到1949年前后,云南的局势加速变化,各路力量暗流涌动。等到云南解放时,这位曾被抓、被逼着出面说话的袁鸿逵,又一次落在新政权的手里。这一次,他的身份不只是一位市委员、地方官员那么简单,而是何应钦任命的“云南第六编练司令部副司令、中将高参”,政治责任自然更重。
从后来公布的特赦名单可以看到,袁鸿逵是以“第六编练司令部中将高参”的身份,在1964年12月28日才被列入第五批特赦。那时距离新中国成立已经过去15年,距离沈醉被特赦,也有四年多的时间差。这个时间差,本身就说明他在被关押期间的“问题”远比一般人复杂。
也正因为过去这段“被抓—被逼反水—再次落网”的经历,在功德林里,两人再次面对面时,气氛格外刺眼。袁鸿逵一见沈醉,话里话外都是一肚子积怨:“就是你把我害成这样的,我原本就拥护解放军,是你逼着我反复站队,结果落得跟你一样坐牢。”口气之中,有不甘,有愤怒,也有对命运的嘲弄。
沈醉回嘴也不示弱:“还是你不真心拥护,要是真心拥护,就是要枪毙你,也不会再反水。”这句话听上去像是狡辩,多多少少也透出一点自我辩护的心理。对话不长,却把当年那段离心离德的局面烤出来了——谁都想保自己,谁都不愿背锅,最后谁都没逃过被清算的命运。
在这种背景下,再看沈醉拼命不愿被分进袁鸿逵的小组,就容易理解了。那可不是普通的“老同学”,而是被他亲手抓过、逼过,甚至可能牵涉更深内幕的人物。哪怕在特赦政策已经逐步推开的功德林,沈醉也清楚:落到这种人手里,心里一点底都没有。
三、暗语背后的“四个惹不起”
除了点名袁鸿逵之外,沈醉在回忆录中还留下一个颇有名气的说法——“四个惹不起”。这四个人物,都是功德林里的“老资格”,脾气大、性子硬,在战犯群体中属于最不愿低头的一类。

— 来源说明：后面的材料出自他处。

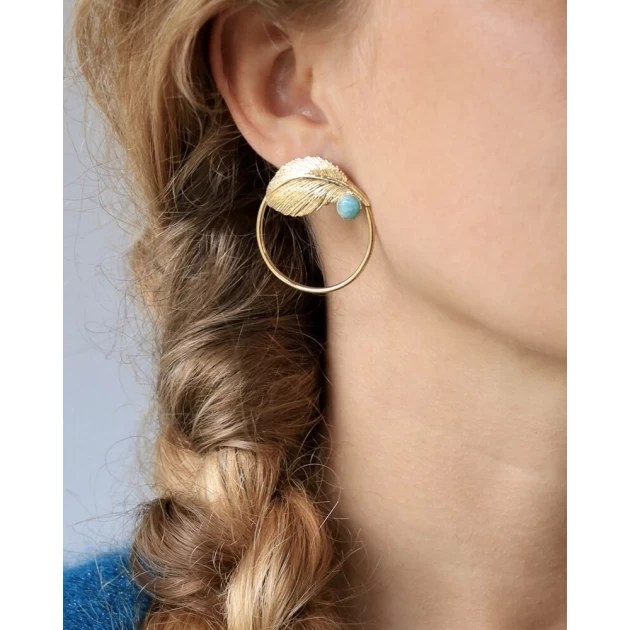 Jaspe leaf earrings -...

其中一位,他给出了足够清晰的线索:第五十一军军长王秉钺。这个人是典型的“争强好胜型”,在功德林里,每次打饭都要仔细盯着自己的碗盘。肉多几块可以,少一块就不行,非要当场跟炊事员、管理员吵上几句。有时为了一块鱼肉的大小,能闹到满院子都知道。直到确认自己碗里的份量比别人多,他才心满意足地离开,边走边吃,甚至撑到“帽子都要掉下来”,形象颇夸张。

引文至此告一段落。